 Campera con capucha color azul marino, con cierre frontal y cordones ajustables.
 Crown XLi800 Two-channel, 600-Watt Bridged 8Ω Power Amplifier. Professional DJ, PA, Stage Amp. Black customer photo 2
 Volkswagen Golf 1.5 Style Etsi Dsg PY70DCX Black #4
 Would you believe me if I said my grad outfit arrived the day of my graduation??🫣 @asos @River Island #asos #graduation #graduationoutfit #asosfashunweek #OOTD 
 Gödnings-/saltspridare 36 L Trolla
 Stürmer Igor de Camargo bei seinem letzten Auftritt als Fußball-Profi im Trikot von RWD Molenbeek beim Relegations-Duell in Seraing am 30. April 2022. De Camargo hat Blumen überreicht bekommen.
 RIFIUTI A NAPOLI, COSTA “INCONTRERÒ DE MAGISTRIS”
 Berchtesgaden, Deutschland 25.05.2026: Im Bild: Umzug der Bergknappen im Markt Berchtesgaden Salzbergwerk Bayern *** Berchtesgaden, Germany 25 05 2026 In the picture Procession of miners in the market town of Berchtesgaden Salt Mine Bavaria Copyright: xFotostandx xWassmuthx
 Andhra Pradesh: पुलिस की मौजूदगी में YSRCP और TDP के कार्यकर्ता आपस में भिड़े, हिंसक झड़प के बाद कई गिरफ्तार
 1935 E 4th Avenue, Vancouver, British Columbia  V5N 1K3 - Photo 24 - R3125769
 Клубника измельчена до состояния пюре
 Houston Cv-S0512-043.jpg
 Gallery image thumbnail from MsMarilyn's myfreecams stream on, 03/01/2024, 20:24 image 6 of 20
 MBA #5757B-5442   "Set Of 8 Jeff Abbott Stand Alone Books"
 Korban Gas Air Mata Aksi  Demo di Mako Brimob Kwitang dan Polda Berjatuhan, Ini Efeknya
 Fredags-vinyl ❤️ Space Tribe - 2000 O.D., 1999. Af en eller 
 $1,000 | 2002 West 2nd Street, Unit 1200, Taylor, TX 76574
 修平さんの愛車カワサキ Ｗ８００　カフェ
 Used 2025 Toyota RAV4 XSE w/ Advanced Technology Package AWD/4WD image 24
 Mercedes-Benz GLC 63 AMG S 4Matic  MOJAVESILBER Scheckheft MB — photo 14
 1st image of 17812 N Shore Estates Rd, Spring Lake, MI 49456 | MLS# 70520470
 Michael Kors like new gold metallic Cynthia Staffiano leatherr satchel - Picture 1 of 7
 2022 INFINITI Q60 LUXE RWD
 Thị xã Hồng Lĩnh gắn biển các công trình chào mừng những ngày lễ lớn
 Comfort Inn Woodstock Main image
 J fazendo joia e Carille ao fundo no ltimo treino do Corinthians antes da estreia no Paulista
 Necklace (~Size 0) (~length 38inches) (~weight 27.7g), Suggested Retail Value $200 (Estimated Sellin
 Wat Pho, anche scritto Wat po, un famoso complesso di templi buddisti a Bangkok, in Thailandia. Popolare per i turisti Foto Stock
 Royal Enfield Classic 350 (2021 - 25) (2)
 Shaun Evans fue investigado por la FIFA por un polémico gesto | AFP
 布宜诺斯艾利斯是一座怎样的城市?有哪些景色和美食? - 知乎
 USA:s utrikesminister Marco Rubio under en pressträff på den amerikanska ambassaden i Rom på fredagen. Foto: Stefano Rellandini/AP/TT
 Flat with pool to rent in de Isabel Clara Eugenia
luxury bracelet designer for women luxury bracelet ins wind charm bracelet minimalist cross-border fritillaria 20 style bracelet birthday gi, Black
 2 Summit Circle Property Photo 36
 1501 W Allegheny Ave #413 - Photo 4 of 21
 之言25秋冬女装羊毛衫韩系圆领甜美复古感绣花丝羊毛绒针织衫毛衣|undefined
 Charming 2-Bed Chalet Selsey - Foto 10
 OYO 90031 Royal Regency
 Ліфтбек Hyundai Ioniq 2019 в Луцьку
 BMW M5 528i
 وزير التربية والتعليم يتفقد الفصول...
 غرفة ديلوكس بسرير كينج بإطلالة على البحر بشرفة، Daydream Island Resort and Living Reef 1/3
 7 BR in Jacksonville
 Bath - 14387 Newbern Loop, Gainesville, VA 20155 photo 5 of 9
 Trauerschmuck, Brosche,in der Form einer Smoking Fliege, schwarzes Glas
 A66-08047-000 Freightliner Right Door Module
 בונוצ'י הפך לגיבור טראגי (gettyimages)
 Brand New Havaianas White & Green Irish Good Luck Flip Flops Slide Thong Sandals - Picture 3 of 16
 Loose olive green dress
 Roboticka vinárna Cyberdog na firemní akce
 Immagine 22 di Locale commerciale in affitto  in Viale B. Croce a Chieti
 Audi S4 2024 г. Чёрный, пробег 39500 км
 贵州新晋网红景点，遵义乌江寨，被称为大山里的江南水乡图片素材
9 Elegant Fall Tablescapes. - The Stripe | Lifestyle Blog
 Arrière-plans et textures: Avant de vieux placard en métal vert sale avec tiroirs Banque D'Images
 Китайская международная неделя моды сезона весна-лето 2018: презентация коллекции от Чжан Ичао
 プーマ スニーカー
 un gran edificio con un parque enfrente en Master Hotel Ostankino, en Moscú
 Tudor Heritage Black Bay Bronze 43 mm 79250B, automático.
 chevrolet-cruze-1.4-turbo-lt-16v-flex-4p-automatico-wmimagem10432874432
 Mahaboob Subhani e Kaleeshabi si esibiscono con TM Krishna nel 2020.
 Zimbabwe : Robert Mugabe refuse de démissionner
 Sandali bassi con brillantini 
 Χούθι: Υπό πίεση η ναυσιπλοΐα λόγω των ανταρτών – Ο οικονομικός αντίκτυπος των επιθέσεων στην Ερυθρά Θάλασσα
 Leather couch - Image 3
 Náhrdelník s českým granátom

* **The task**
Take the lines above from the one containing "Houston Cv-S0512-043.jpg" to the one containing "Necklace (~Size 0)" and retype them exactly, both ends included, with nothing added.

* **Task solution**
 Houston Cv-S0512-043.jpg
 Gallery image thumbnail from MsMarilyn's myfreecams stream on, 03/01/2024, 20:24 image 6 of 20
 MBA #5757B-5442   "Set Of 8 Jeff Abbott Stand Alone Books"
 Korban Gas Air Mata Aksi  Demo di Mako Brimob Kwitang dan Polda Berjatuhan, Ini Efeknya
 Fredags-vinyl ❤️ Space Tribe - 2000 O.D., 1999. Af en eller 
 $1,000 | 2002 West 2nd Street, Unit 1200, Taylor, TX 76574
 修平さんの愛車カワサキ Ｗ８００　カフェ
 Used 2025 Toyota RAV4 XSE w/ Advanced Technology Package AWD/4WD image 24
 Mercedes-Benz GLC 63 AMG S 4Matic  MOJAVESILBER Scheckheft MB — photo 14
 1st image of 17812 N Shore Estates Rd, Spring Lake, MI 49456 | MLS# 70520470
 Michael Kors like new gold metallic Cynthia Staffiano leatherr satchel - Picture 1 of 7
 2022 INFINITI Q60 LUXE RWD
 Thị xã Hồng Lĩnh gắn biển các công trình chào mừng những ngày lễ lớn
 Comfort Inn Woodstock Main image
 J fazendo joia e Carille ao fundo no ltimo treino do Corinthians antes da estreia no Paulista
 Necklace (~Size 0) (~length 38inches) (~weight 27.7g), Suggested Retail Value $200 (Estimated Sellin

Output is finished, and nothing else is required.